**WHAT IS REQUIRED**
Skip the pictures and write out, word for word, the lines below from the one with "ทะเลสาบซีหู (West Lake)" through the one with "Foto - Tanzsaal", inclusive.

**AVAILABLE DATA**
=======

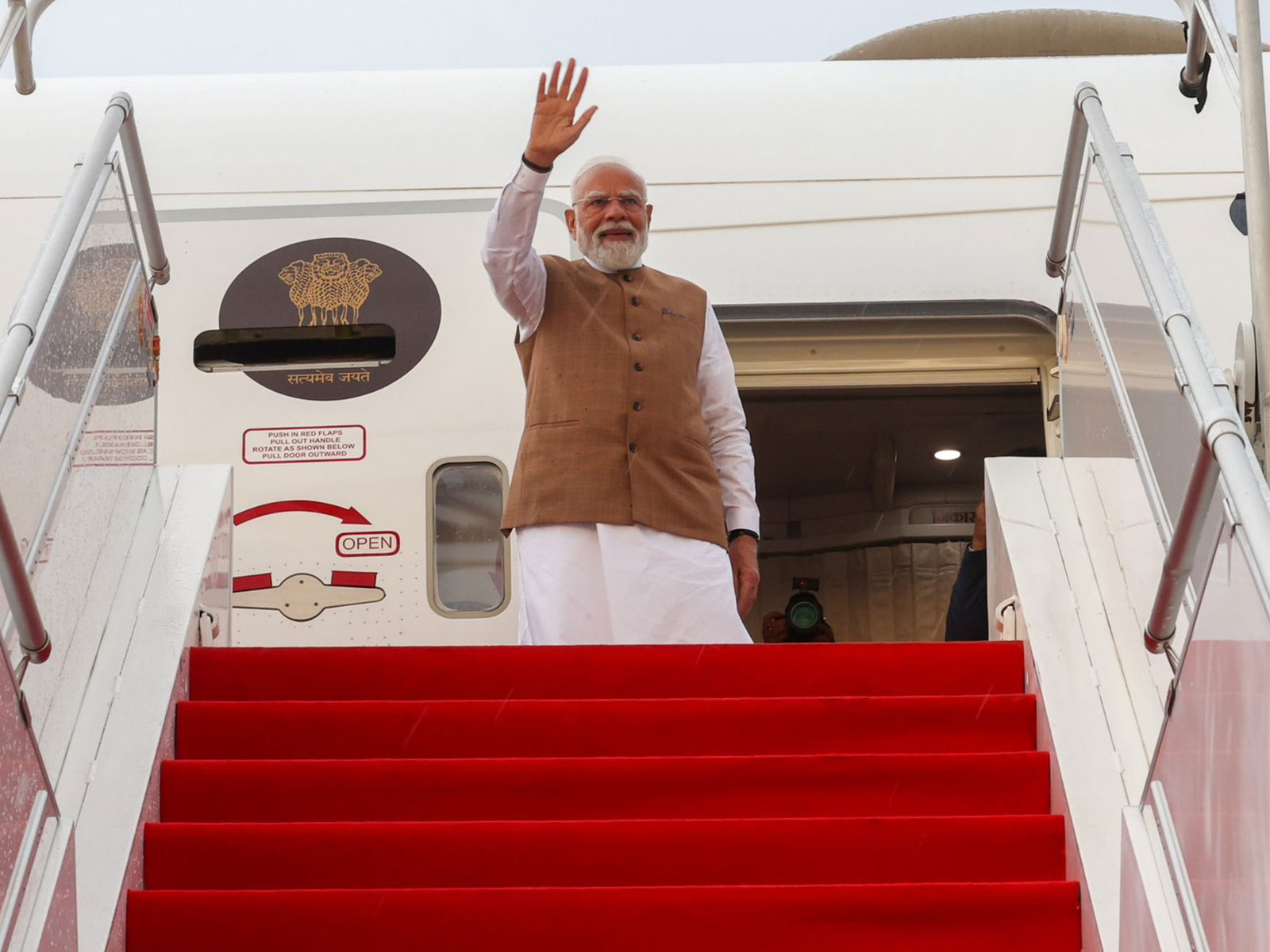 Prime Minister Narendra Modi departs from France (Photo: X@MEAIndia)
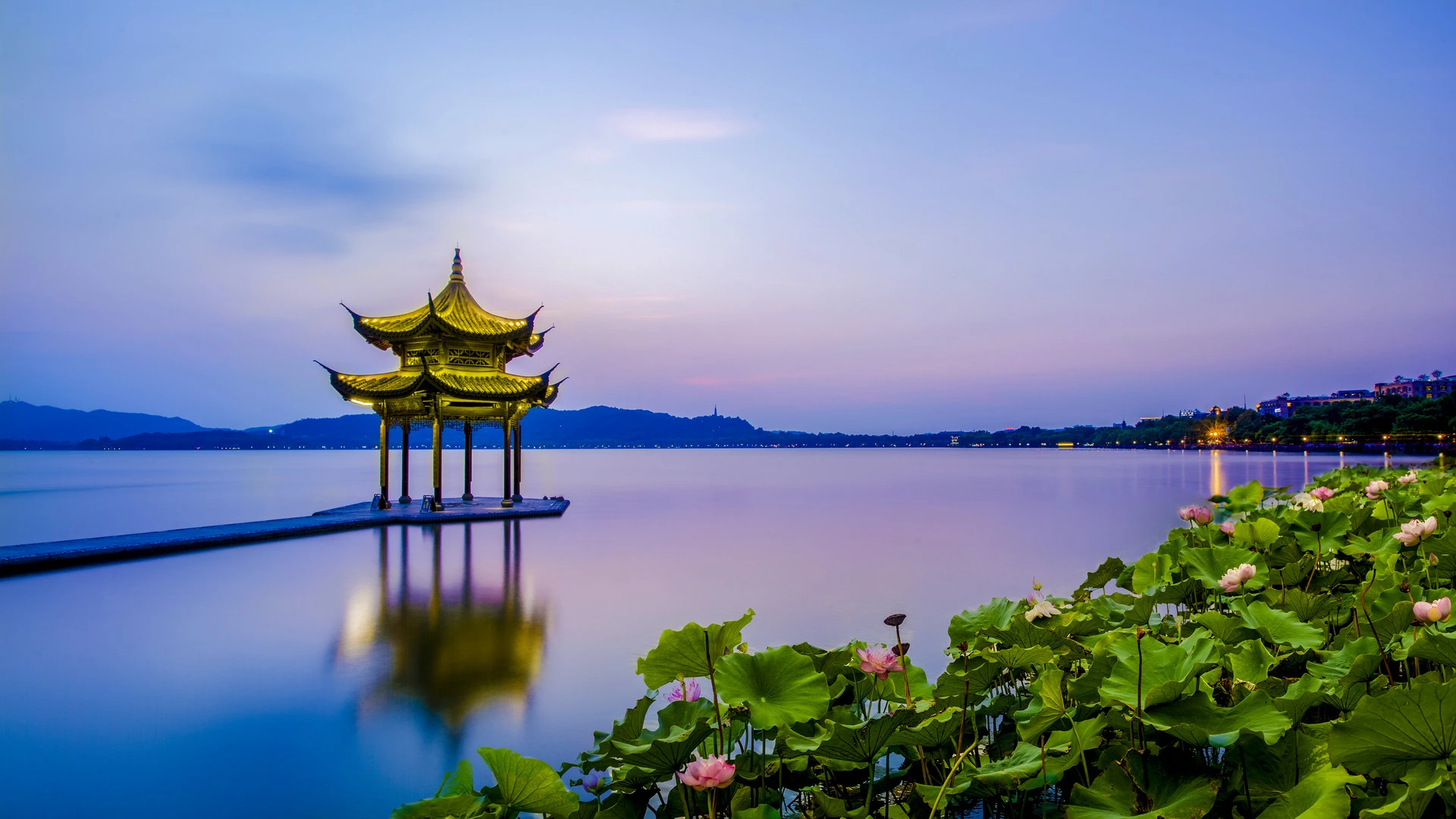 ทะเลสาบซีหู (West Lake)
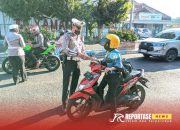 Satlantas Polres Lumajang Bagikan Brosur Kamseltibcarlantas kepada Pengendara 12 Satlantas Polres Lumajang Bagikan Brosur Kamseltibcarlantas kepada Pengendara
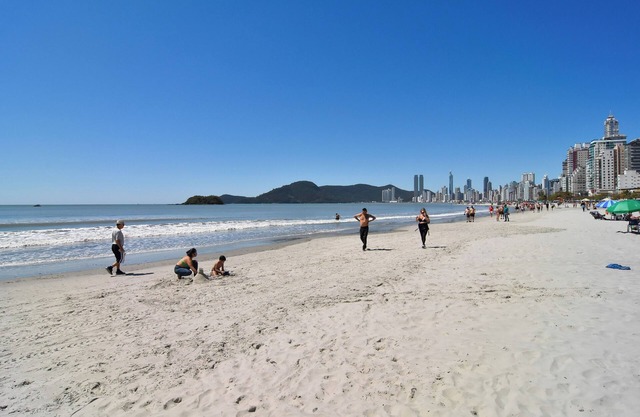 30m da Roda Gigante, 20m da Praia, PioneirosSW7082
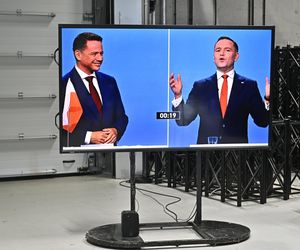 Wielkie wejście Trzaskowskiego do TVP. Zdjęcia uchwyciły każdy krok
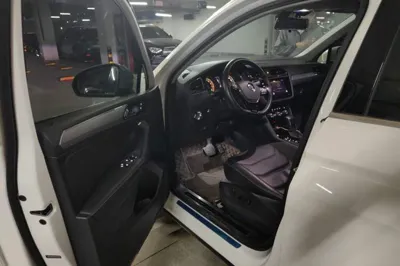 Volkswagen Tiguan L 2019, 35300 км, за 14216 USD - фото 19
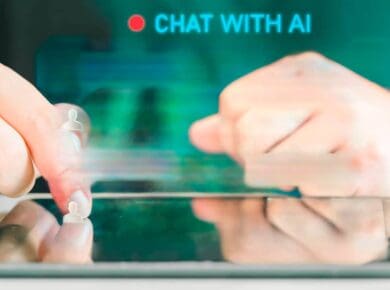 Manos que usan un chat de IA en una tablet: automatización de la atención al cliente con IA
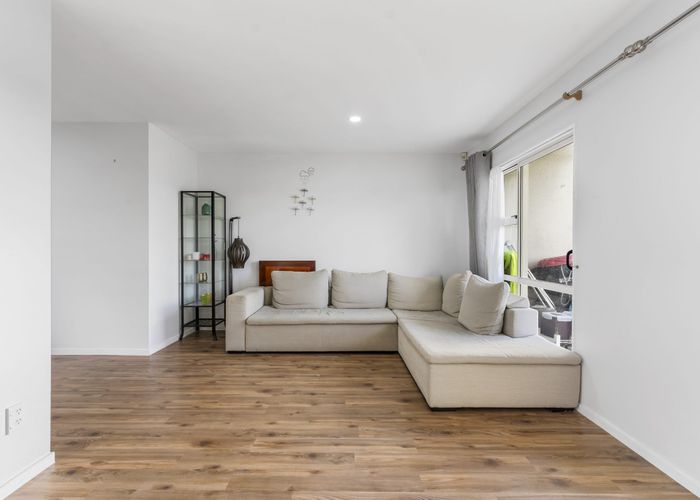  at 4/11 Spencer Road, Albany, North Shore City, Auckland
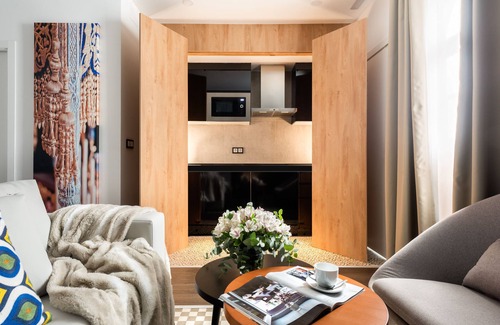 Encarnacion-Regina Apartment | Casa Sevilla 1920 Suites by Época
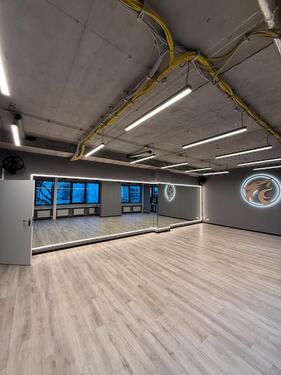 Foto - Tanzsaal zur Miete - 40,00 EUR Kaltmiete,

=======

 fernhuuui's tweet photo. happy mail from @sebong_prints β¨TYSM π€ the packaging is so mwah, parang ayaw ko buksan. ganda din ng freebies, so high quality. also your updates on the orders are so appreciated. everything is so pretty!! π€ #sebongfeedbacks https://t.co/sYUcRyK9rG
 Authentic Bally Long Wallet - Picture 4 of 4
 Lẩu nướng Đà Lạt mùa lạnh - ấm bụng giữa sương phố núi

=======

**SOLUTION**
 ทะเลสาบซีหู (West Lake)
 Satlantas Polres Lumajang Bagikan Brosur Kamseltibcarlantas kepada Pengendara 12 Satlantas Polres Lumajang Bagikan Brosur Kamseltibcarlantas kepada Pengendara
 30m da Roda Gigante, 20m da Praia, PioneirosSW7082
 Wielkie wejście Trzaskowskiego do TVP. Zdjęcia uchwyciły każdy krok
 Volkswagen Tiguan L 2019, 35300 км, за 14216 USD - фото 19
 Manos que usan un chat de IA en una tablet: automatización de la atención al cliente con IA
  at 4/11 Spencer Road, Albany, North Shore City, Auckland
 Encarnacion-Regina Apartment | Casa Sevilla 1920 Suites by Época
 Foto - Tanzsaal zur Miete - 40,00 EUR Kaltmiete,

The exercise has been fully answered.